GOAL OF THE EXERCISE:
Every line in the data below from the one containing "For sale and" down to the one containing "5431 W 2nd Ave, Hialeah, FL 33012 photo 12", both included, must be retyped exactly; no other line is to appear.

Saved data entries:
★ ★ ★
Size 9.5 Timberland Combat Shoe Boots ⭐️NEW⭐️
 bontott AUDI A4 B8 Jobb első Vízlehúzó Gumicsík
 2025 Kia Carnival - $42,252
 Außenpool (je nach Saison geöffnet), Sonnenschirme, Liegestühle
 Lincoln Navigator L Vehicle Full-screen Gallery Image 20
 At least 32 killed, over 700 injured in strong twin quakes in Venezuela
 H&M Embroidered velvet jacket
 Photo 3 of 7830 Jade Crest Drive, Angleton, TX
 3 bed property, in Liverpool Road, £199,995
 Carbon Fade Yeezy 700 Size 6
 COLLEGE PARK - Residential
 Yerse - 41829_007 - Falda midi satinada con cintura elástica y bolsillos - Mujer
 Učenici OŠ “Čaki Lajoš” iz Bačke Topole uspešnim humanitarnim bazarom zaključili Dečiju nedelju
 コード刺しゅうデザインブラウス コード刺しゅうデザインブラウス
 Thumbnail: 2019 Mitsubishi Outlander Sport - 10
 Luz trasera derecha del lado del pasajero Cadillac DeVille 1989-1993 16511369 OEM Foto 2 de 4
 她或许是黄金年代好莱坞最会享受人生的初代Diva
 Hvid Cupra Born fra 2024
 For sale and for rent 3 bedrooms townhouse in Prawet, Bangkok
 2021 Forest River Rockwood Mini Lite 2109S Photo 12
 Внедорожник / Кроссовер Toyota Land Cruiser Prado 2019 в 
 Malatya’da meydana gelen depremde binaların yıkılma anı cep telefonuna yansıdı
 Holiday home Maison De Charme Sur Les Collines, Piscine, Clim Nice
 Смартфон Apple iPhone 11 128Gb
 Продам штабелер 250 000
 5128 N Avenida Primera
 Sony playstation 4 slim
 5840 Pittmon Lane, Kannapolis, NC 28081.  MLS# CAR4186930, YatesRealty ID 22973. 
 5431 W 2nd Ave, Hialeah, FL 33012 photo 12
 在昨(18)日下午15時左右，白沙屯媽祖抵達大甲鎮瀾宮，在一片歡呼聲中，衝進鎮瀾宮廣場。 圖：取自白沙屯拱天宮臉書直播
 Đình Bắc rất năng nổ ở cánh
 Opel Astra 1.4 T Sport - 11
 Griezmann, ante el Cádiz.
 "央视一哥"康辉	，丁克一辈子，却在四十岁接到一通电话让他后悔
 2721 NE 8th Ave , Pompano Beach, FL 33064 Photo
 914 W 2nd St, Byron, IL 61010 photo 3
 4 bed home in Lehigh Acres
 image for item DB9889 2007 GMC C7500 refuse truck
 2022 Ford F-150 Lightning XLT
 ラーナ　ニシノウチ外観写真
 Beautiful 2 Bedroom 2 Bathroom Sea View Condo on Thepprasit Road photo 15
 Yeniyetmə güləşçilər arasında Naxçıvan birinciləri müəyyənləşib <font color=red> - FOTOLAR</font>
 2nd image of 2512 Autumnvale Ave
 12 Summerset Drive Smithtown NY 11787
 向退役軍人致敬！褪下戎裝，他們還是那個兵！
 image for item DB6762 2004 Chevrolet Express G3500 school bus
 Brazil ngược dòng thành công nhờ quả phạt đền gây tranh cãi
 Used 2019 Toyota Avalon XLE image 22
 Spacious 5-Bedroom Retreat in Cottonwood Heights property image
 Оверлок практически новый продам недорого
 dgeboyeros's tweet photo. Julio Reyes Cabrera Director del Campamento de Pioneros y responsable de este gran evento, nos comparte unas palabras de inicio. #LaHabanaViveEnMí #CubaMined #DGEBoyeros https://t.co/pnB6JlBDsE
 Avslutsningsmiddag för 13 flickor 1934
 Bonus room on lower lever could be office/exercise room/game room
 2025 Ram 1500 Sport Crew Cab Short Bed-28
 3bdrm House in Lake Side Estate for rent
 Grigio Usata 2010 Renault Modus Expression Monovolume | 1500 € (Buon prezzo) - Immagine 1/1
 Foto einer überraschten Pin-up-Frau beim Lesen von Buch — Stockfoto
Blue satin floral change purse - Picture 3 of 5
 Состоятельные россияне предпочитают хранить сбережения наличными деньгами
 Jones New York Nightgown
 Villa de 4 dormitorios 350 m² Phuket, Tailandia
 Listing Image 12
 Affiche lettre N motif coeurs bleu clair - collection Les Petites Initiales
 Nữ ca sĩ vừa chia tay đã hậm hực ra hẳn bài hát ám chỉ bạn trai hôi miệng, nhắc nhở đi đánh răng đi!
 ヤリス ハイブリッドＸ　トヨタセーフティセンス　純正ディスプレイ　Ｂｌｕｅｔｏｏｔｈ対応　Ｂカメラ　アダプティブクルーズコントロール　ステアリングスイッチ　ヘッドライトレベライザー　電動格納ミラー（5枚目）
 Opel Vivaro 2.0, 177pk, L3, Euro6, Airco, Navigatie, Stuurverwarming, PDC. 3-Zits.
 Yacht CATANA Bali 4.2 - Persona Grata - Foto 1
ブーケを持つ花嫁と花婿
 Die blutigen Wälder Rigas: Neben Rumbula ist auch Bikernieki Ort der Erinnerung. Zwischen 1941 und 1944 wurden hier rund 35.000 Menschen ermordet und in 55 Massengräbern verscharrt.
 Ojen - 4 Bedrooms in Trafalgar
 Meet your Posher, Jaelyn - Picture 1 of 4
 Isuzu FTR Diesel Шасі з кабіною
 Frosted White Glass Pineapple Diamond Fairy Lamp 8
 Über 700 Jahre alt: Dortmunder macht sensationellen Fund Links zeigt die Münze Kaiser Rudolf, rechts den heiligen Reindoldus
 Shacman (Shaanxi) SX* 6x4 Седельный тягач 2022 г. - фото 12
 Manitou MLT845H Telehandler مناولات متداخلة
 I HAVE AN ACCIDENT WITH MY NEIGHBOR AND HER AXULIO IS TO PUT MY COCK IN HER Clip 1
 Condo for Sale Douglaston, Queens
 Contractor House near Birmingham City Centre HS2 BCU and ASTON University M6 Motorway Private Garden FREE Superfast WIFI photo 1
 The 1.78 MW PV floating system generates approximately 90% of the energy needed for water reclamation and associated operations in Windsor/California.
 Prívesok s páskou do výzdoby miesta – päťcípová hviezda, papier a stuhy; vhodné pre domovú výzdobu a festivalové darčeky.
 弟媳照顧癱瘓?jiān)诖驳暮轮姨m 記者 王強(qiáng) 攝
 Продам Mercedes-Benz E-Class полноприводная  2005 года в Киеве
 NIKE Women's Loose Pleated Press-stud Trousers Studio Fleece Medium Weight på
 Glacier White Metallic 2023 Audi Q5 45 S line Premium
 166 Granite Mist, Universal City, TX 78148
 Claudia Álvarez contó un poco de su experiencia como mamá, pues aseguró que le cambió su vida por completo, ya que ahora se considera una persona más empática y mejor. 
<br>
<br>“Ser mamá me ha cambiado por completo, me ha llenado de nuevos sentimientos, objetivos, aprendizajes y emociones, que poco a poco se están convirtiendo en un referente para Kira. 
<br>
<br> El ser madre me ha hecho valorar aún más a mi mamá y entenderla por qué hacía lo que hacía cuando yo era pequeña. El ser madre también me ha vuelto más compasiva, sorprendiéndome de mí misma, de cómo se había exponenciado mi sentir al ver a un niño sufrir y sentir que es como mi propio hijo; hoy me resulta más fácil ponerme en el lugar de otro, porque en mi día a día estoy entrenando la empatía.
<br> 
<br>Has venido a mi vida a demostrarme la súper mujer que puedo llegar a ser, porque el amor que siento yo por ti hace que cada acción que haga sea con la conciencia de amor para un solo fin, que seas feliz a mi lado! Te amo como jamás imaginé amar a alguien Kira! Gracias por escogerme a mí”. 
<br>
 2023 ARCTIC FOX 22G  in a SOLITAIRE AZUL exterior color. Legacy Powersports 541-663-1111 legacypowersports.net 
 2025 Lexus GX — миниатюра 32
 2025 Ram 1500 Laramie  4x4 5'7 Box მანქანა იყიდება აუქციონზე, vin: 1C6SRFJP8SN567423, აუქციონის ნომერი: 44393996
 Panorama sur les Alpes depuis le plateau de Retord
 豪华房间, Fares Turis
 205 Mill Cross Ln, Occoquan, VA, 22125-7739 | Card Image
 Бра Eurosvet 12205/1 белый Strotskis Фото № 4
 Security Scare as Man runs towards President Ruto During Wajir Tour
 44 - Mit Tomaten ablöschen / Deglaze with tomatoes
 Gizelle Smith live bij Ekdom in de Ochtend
★ ★ ★
ANSWER TO THE PROBLEM:
 For sale and for rent 3 bedrooms townhouse in Prawet, Bangkok
 2021 Forest River Rockwood Mini Lite 2109S Photo 12
 Внедорожник / Кроссовер Toyota Land Cruiser Prado 2019 в 
 Malatya’da meydana gelen depremde binaların yıkılma anı cep telefonuna yansıdı
 Holiday home Maison De Charme Sur Les Collines, Piscine, Clim Nice
 Смартфон Apple iPhone 11 128Gb
 Продам штабелер 250 000
 5128 N Avenida Primera
 Sony playstation 4 slim
 5840 Pittmon Lane, Kannapolis, NC 28081.  MLS# CAR4186930, YatesRealty ID 22973. 
 5431 W 2nd Ave, Hialeah, FL 33012 photo 12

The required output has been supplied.